The phone's "ringing like mad" with interested applicants, and Weber State athletic director Dick Hannan has been inolved in constant meetings this week, but he says he hasn't yet interviewed one basketball coach to replace Denny Huston, who was released Friday.
Hannan says if a prospective coach walked into his office, he'd probably talk to him, but other than that, he doesn't plan to interview any candidates for a week or more.Instead, he's spending time talking to others whose input he values - "a lot of different populations," as he puts it, including the athletic advisory board, faculty, community, athletic staff, former players and Wildcat Athletic Association members.
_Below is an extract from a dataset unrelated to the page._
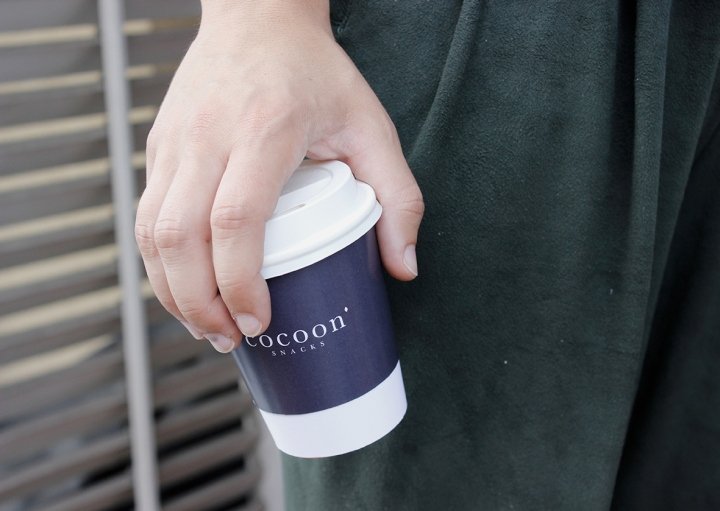 Yolanda Sabuz 和 Sandra Solanas 设计的 Cocoon 零食包装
Hannan was out of town over the weekend - to talk about potential candidates, not to potential candidates, he says.
Hannan already has a set of somewhat-flexible criteria for the man who is to return the Wildcats to basketball prominence, and he's not sure that his current talks will change those, but he wants to be thorough.
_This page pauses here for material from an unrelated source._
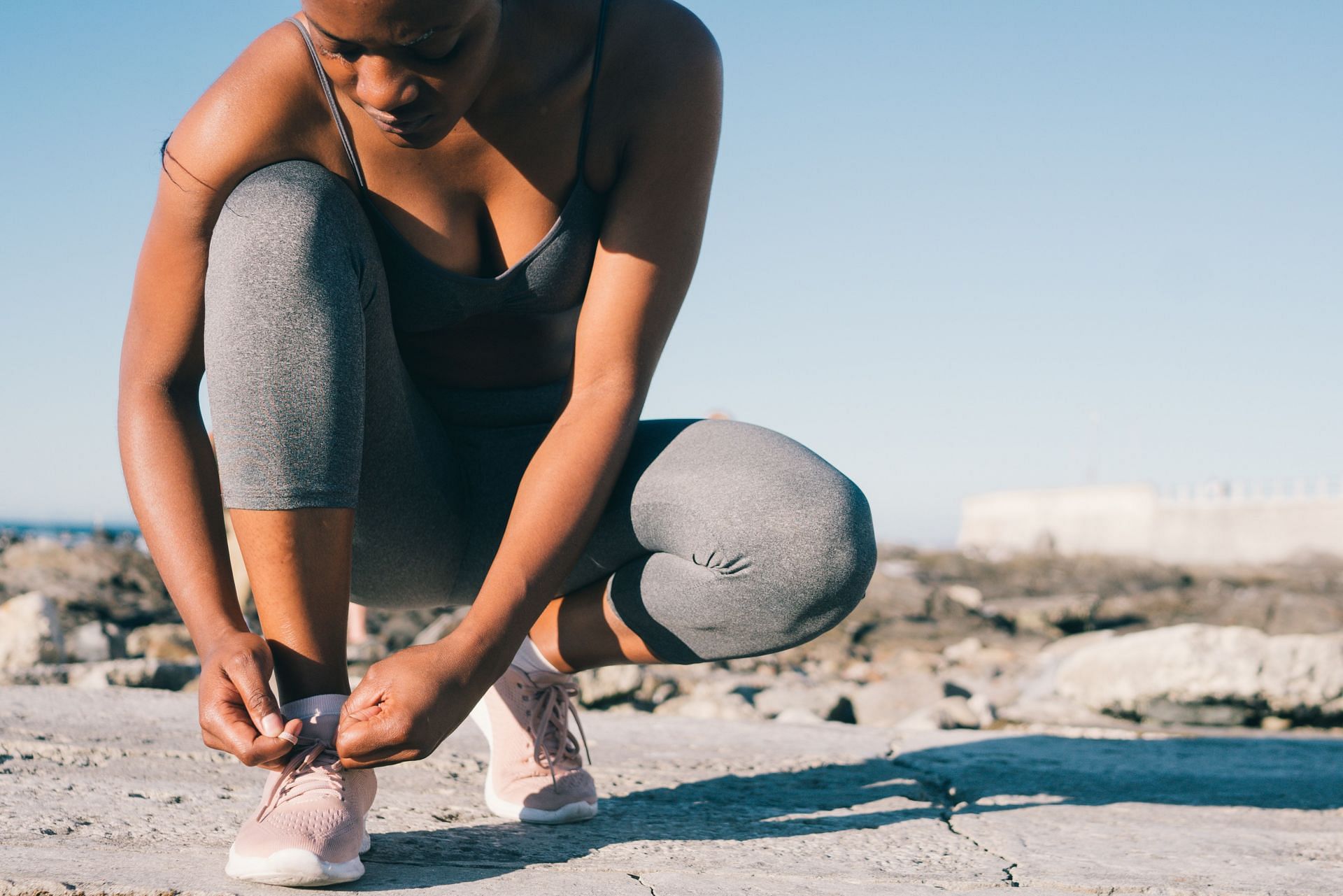 Complete your long distance runs with these effective mental tips. (Image via Pexels / RFstudio)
His timetable still targets the first few weeks of April for interviews and the naming of a coach. That, of course, means little recruiting can be done with the signing date in the second week. Hannan says that concerns him, "but I'm more concerned about making the right choice."
He's confident that Weber is in pretty good shape for on-court personnel for the next little while. Starters David Baldwin and Jason Joe are juniors. Sophomore Al Hamilton was a starter or first off the bench, and freshmen Elroy Miller, Robbie Johnson and Jimmy DeGraffenried were regulars this season.
Hannan estimated Wednesday he had a pile of about 75 phone messages on his desk. Most were from coaches. They came from "throughout the nation," he says, adding about half are from head coaches and half from current assistants. Hannan has some of his own ideas, too.
"I'm in no big hurry," he says.
His choice/choices will go to WSU President Paul Thompson, and the decision will be made from there.
Hannan has a wish list "of things important to me that are not set in concrete" to guide his process.
"My main concern is I'd like someone with head-coaching experience on the college level," he says, but he'd settle for the right assistant. High on the importance list is integrity and heavy emphasis on academics.
Also, someone "to get us back to the top of the conference - I don't think that's in opposition (with academics)," he says - "and someone to put excitement back in the program, someone with a little pizzazz and PR ability." Unless it's a Rick Majerus, he says, a slow-down, pound-it-inside coaching approach probably wouldn't cut it with Weber's fans and might not be considered too highly.
Huston had a 43-42 record over three years, but fans of Weber's glamour (money-making) sport wanted more action than the pass-it-around, don't-make-mistakes offense Huston favored. Attendance this season averaged 4,240, and never was the Dee Center (11,615 seats) filled, even for BYU.